Even with all the bought and paid for officials they still took the win. PS RGIII brilliant as always, even with the knee still an issue he kept them on their toes the entire game with the constant threat of a run.

----------


## Rwy

> No you won't. Lmao! As long as romos you QB you will not win the Super Bowl.


super bowl lol

They wont win a playoff game. Romo and the boys part way IMO.

----------


## Rwy

> Decent game? Morris had 200 yards rushing and three Tds. Rg3 didn't even have to throw the ball. Lol.


while breaking the franchise record for yards lol

----------


## Rwy

As a giants fan I hate that rg3 is in our division. I have a feeling he is going to be killing us all for the next 10 years

----------


## Bigherm21

> super bowl lol
> 
> They wont win a playoff game. Romo and the boys part way IMO.


dude you just made me lol pretty good.

----------


## losieloos

How is tony romo in the nfl????.

----------


## Bigherm21

> As a giants fan I hate that rg3 is in our division. I have a feeling he is going to be killing us all for the next 10 years


The thing with rg3 is he's a little too wreck less. The coaches need him to settle his ass down before he gets real hurt. He can still run the ball but you can't be that small and do that all the time in the nfl without getting hurt.

----------


## Bigherm21

> How is tony romo in the nfl????.


Is this the loos I know from si?

----------


## losieloos

> Is this the loos I know from si?


Yes it is.

----------


## zaggahamma

> The thing with rg3 is he's a little too wreck less. The coaches need him to settle his ass down before he gets real hurt. He can still run the ball but you can't be that small and do that all the time in the nfl without getting hurt.


this

----------


## Rwy

> this


shanny is going to get him killed


I still dont believe this read option crap will win you a super bowl.

----------


## likelifting

Skins will be done next week after Seahawks beat them. It WILL be tough in DC though.

----------


## gearbox

I think the skins will be okay. It matters turn overs imo. Go redskins

----------


## likelifting

It'll be tough to win with your starting QB going maybe...70%...80%. You can win a game here and there but single elimination will be hard. I loved the Skins this year. They were really fun to watch. Love RG3. 

Cousins played pretty good as back up, so theres that. 

I won't miss that game.

----------


## Zodiac82

> The thing with rg3 is he's a little too wreck less. The coaches need him to settle his ass down before he gets real hurt. He can still run the ball but you can't be that small and do that all the time in the nfl without getting hurt.


he can be a lil reckless bug he just wants a win....but havin a backup like we do that can come in a literally not miss a beat is priceless

----------


## Zodiac82

> while breaking the franchise record for yards lol


this....plus I was shocked that he got that many yard

----------


## Zodiac82

> shanny is going to get him killed
> 
> I still dont believe this read option crap will win you a super bowl.


really....its like 8 different plays u can do from that so the d has to guess and more than likely the d will guess wrong

----------


## Zodiac82

> I think the skins will be okay.
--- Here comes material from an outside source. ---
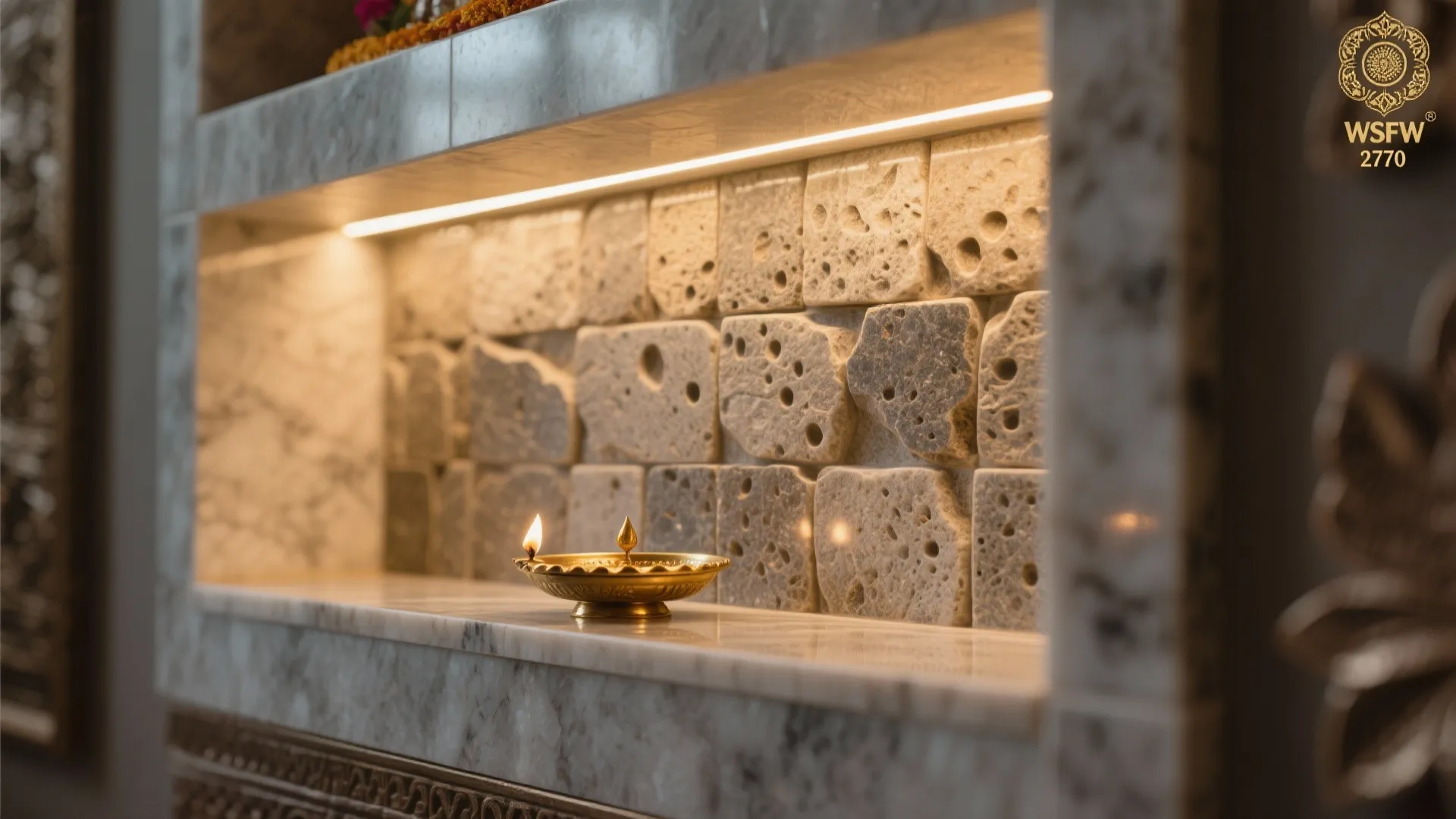 Corner Temple Niche with Stone or Tile Back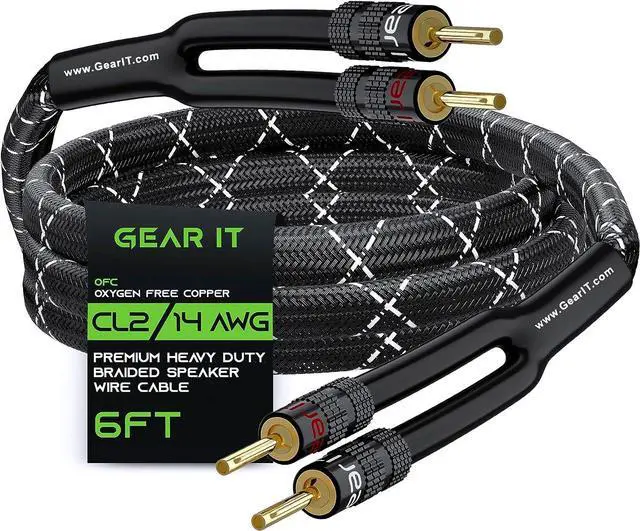 Main image of GearIT 14AWG Premium Heavy Duty Braided Speaker Wire Cable (6 Feet) Dual Gold Plated Banana Plug Tips - in-Wall CL2 - Oxygen-Free Copper (OFC) Black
It matters turn overs imo. Go redskins


true and our d has been gettin two to three turnovers a game

----------


## Rwy

> really....its like 8 different plays u can do from that so the d has to guess and more than likely the d will guess wrong


I still dont think anything will beat out a traditional qb drop back. Your qb cannot keep taking hits that the read option allows.

----------


## Rwy

If I were to pick a team at this point it would be falcons because of tony gonzales being his last year

super bowl is won bc the nfc again this year

----------


## zaggahamma

did the falcons play last week when the bucs whooped em? or were they just scrimmaging? damn i cant wait til saturday

----------


## Rwy

they were struggling but i dont think they were in it a 100%

----------


## Zodiac82

> I still dont think anything will beat out a traditional qb drop back. Your qb cannot keep taking hits that the read option allows.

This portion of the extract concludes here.